Captioned web image data:
════════

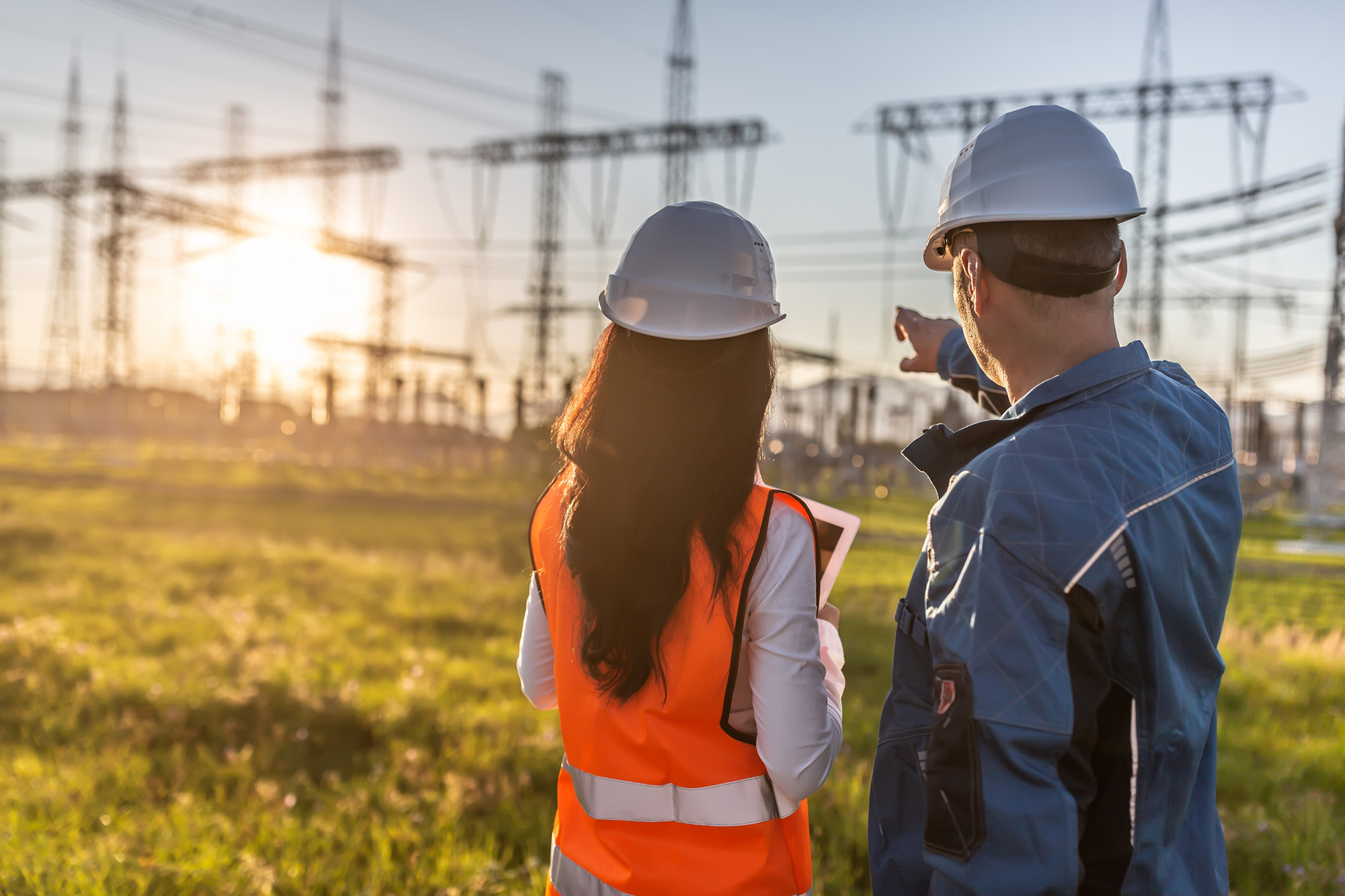 Blue collar worker points towards electricity poles with sun setting over it, with a female enginners on his side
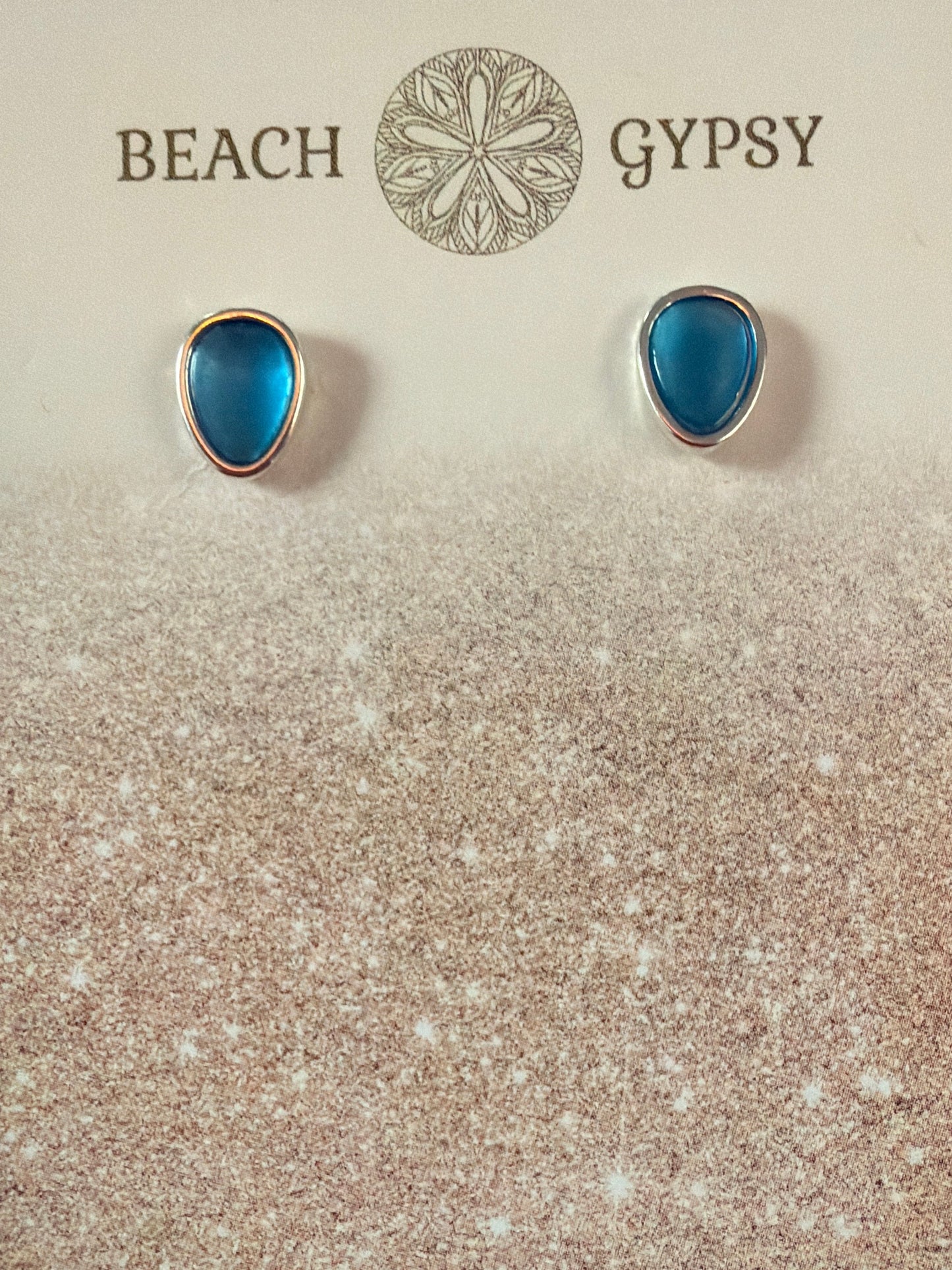Blue teardrop earrings on a 'Gypsy Beach' branded card with a purple background
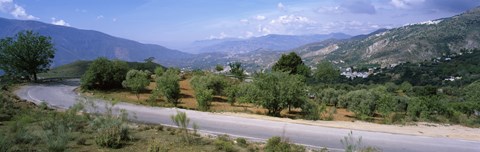 Framed Road passing through a landscape with mountains in the background, Andalucian Sierra Nevada, Andalusia, Spain Print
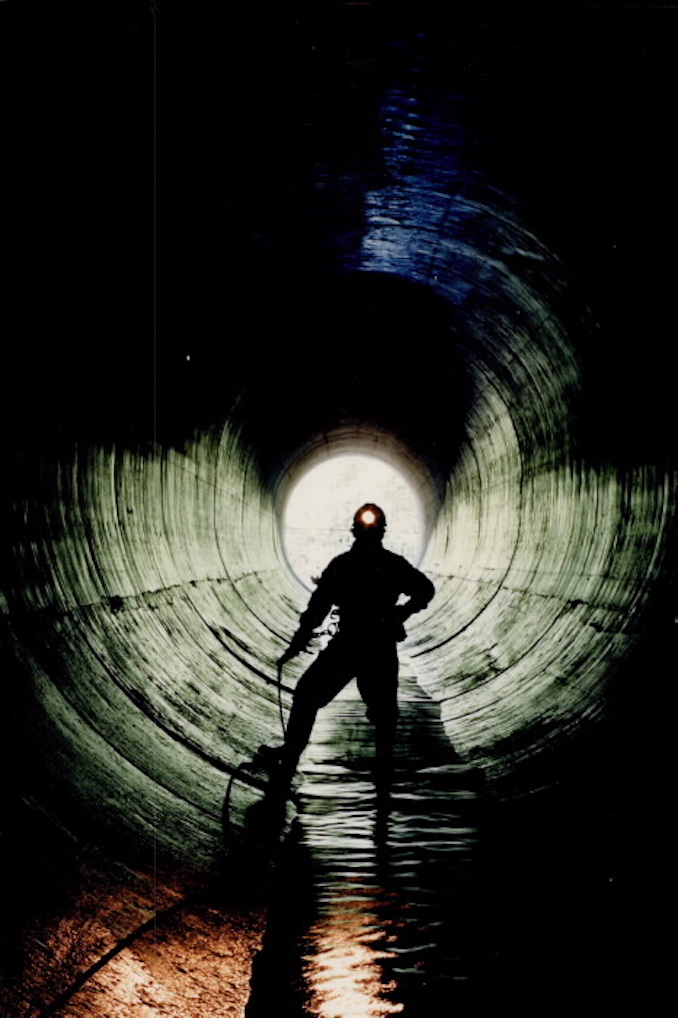 1987 - Bonie Bertumen stands in a 12-foot sewer; one of the many running below Metro. The smelll stops bothering you; he says; after working there 20 or 30 years - Mike Slaughter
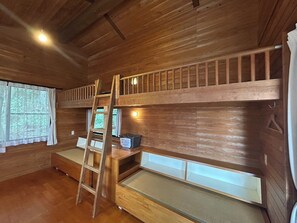 An open-ceiling bedroom. We all lay our pillows side by side. It reminds me of my school days!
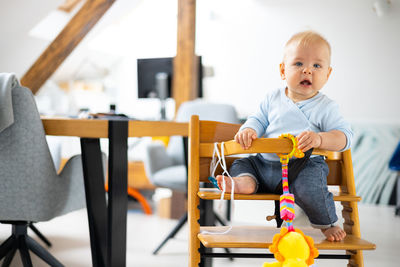 Portrait of boy playing with toy car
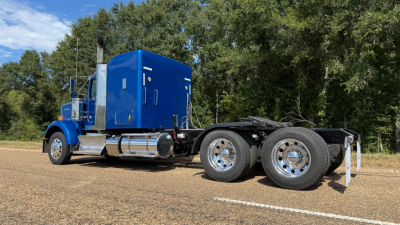 Kenworth W900 tail/side view showing blue sleeper cab and dual rear axles with chrome wheels.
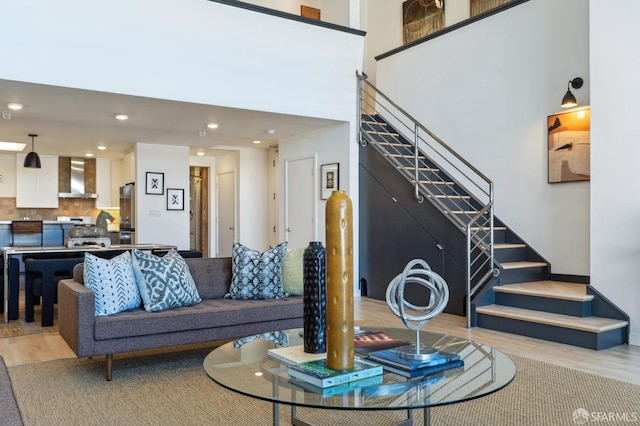 living room with a high ceiling and light hardwood / wood-style flooring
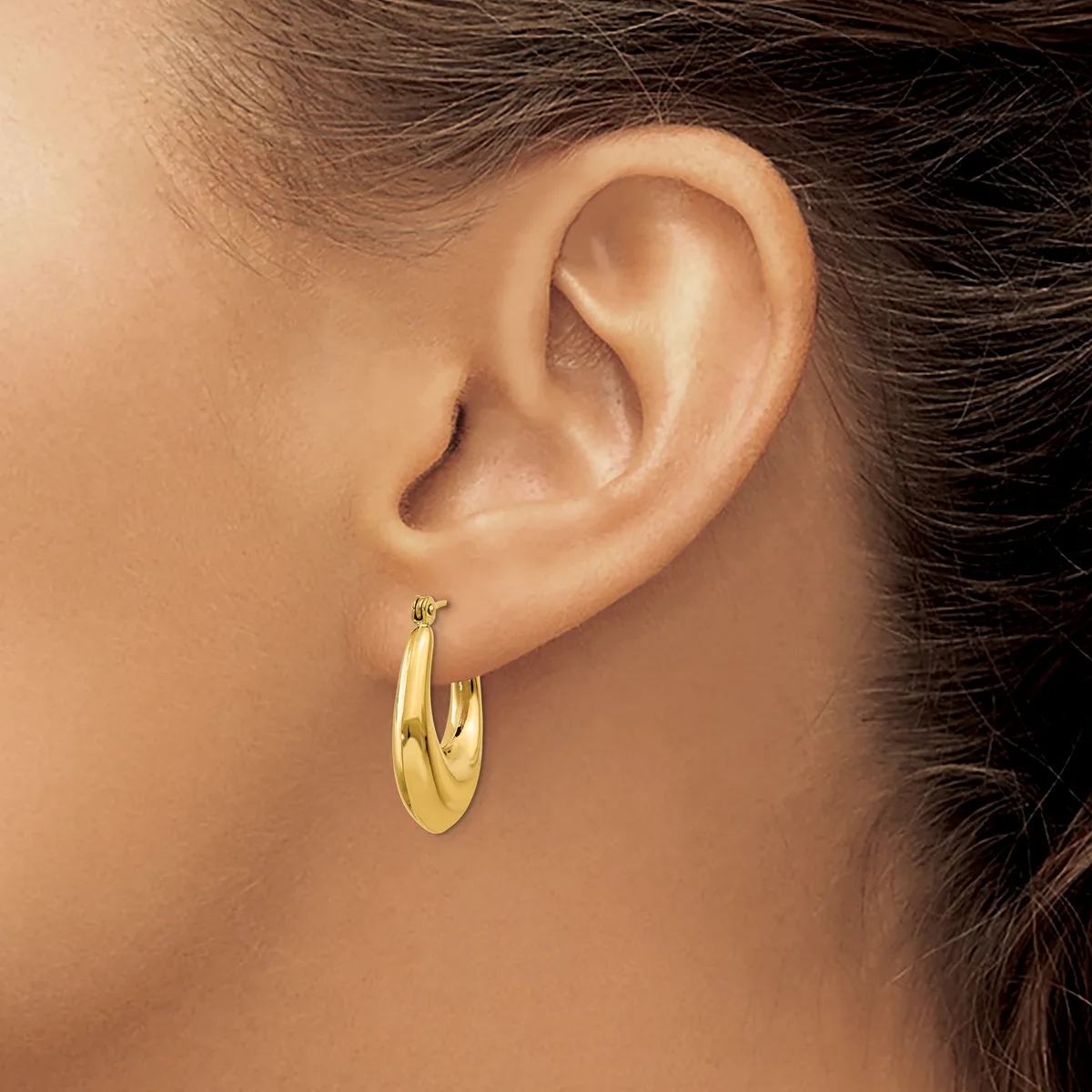 A person wearing a pair of polished gold hoop earrings, shown from the side with dark hair pulled back.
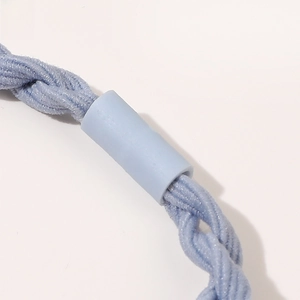 Macro detail of high-elasticity braided hair tie in light blue with textured knit pattern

════════

▶ _Goal of the exercise_: In the copy, include exactly the lines from the one containing "living room with" through the last line of the records, and no pictures or other text.

▶ _Result of this task_:
 living room with a high ceiling and light hardwood / wood-style flooring
 A person wearing a pair of polished gold hoop earrings, shown from the side with dark hair pulled back.
 Macro detail of high-elasticity braided hair tie in light blue with textured knit pattern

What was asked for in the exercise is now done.